Preferably much, even most, coke combustion occurs in the drier second
fluidized bed. Temperatures in the second fluidized bed are high, so rapid
coke combustion can be achieved even in a bubbling fluidized bed.
The present invention also permits continuous on stream optimization of
catalyst regeneration. Two powerful and sensitive methods of controlling
air addition rates permit careful fine tuning of the process. Achieving a
significant amount of coke combustion in the second fluidized bed of a
high efficiency regenerator also increases the coke burning capacity of
the unit, for very little capital expenditure.
Measurement of oxygen concentration in flue gas exiting the transport
riser, and to a lesser extent measurement of CO or hydrocarbons or
oxidizing or reducing atmosphere, gives refiners a way to make maximum use
of air blower capacity.
Measurement of delta T, when cyclone separators are used on the regenerator
transport riser outlet, provides a very sensitive way to monitor the
amount of afterburning occurring, and provides another way to maximize use
of existing air blower capacity.
Partial CO combustion in the first and second stage will minimize the
damage done to the catalyst by metals (primarily Ni and V), will minimize
NOx emissions, and increase the coke burning capacity of the FCC, by
shifting some of the work of coke burning to the second fluidized bed. It
may be necessary to bring in auxiliary compressors, or a tank of oxygen
gas, to supplement the existing air blower. Although many existing high
efficiency regenerators can, using the process of the present invention,
achieve large increases in coke burning capacity by shifting the coke
combustion to the second fluidized bed, the existing air blowers will
almost never be sized large enough to take maximum advantage of the
heretofore dormant coke burning capacity of the second fluidized bed.
Operation with both stages in partial CO combustion is also possible, and
preferred for maximizing coke burning potential of the high efficiency
regenerator design. This may seem a strange use of the high efficiency
regenerator, originally designed to achieve complete CO combustion, but
there are many benefits.
Coke combustion is maximized by partial CO combustion, as is well known.

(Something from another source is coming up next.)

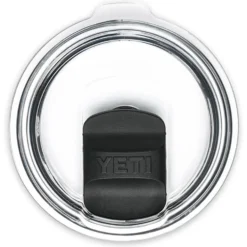 Mug Yeti Rambler 20 Oz (591 ml) Tumbler Navy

One mole of air is needed to burn one mole of carbon to CO2, while only
half as much air is needed to burn the carbon to CO. This roughly doubles
the coke burning capacity of the unit, and shifts much of the heat
generation, and high temperature, to a downstream CO boiler.
Partial CO combustion slashed NOx emissions, and greatly minimizes
formation of highly oxidized forms of V. These are known benefits of
partial CO combustion, but difficult to achieve in practice because the
units are hard to control in partial CO combustion mode, especially when a
CO combustion promoter such as Pt is present.